均相酶免疫分析

EIA法包括均相酶免疫分析和非均相酶免疫分析。其中，均相酶免疫分析技术主要用于小分子激素和半抗原测定分析，因此在体内药物分析中更为常用。均相酶免疫分析最具代表性的两种分析技术是酶放大免疫测定技术(Enzyme－multiplied immunoassay technique，EMIT)和克隆酶供体免疫分析(Cloned enzyme donor immunoassay，CEDIA)。

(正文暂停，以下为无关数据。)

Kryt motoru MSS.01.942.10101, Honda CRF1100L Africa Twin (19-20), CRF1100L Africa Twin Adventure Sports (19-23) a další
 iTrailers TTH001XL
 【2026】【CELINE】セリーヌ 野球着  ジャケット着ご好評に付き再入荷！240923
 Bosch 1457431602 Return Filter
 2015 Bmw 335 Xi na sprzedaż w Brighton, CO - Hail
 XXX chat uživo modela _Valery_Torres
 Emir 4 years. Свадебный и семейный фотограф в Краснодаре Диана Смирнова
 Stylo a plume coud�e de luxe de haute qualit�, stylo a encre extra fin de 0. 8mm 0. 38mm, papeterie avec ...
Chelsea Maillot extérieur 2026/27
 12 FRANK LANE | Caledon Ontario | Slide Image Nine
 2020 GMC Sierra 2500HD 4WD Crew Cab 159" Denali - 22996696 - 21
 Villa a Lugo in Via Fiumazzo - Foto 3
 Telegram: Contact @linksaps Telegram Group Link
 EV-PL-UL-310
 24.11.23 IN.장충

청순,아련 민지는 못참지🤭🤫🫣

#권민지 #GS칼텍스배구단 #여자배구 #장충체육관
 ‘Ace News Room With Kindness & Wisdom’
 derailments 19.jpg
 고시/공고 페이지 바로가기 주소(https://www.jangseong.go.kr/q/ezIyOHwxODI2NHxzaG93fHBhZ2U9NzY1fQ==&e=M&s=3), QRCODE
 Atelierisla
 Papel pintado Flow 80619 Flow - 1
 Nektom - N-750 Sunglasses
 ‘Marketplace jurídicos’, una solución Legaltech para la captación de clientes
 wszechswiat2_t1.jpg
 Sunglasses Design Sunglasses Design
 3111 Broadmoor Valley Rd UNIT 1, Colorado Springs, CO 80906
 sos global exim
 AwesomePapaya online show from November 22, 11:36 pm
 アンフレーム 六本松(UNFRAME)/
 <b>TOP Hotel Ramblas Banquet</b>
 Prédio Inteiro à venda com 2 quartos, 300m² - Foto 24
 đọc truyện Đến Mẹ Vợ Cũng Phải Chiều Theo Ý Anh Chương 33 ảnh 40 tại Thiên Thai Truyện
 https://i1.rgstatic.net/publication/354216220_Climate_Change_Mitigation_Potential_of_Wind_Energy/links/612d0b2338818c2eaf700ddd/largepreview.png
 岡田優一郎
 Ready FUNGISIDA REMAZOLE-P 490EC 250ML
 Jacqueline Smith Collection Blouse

EMIT法是Rubenctein等人于1972年提出的。其反应机理是标记药物和未标记药物与抗体的竞争性结合。具体来说就是酶和底物反应可生成有色产物，当酶标药物和抗体结合后，酶标药物－抗体复合物中酶催化部位由于抗体的空间位阻作用而失活，导致有色产物量减少。因而可以通过用紫外－可见分光光度计测定溶液吸光度从而测得药物浓度。

EMIT法最常用的标记酶是6－磷酸葡糖糖脱氢酶和苹果酸脱氢酶。用6－磷酸葡糖糖脱氢酶标记的EMIT法是利用标记在药物上的6－磷酸葡糖糖脱氢酶能在辅酶I(NAD)的作用下将6－磷酸葡萄糖氧化成6－磷酸葡糖酸，NAD被还原为NADH，同时相应吸收光谱发生变化。NADH在340 nm处有最大吸收，但是NAD却几乎无吸收。因此可以利用药物浓度与340 nm处吸收度的变化建立标准曲线，测定样品浓度。苹果酸脱氢酶标记抗原后，其酶活性会受到抑制，但与抗体结合形成抗原－抗体复合物后，酶的活性又会恢复。因此酶标药物和抗体结合后能和底物发生反应，生成有色产物，同样通过测定溶液吸收度和药物浓度建立标准曲线后来测得药物的浓度。

CEDIA法也是常见的均相酶免疫分析方法。DNA重组技术可分别合成β－D－半乳糖苷酶的两种片段，大片段称为酶受体(EA)，小片段称为酶供体(ED)。单独EA和ED均无酶活性，但在一定条件下可结合成具有酶活性的四聚体。CEDIA法是用ED标记抗原，反应体系中的抗原和ED标记的抗原会与特异性抗体竞争结合，其中ED标记的抗原与抗体结合后由于空间位阻，不再能与EA结合。反应平衡后，剩余的ED标记抗原与EA结合，形成具有活性的酶，加入底物测定酶活力，酶活力的大小与标本中抗原含量呈正比。同样可以通过建立标准曲线来得到药物的浓度。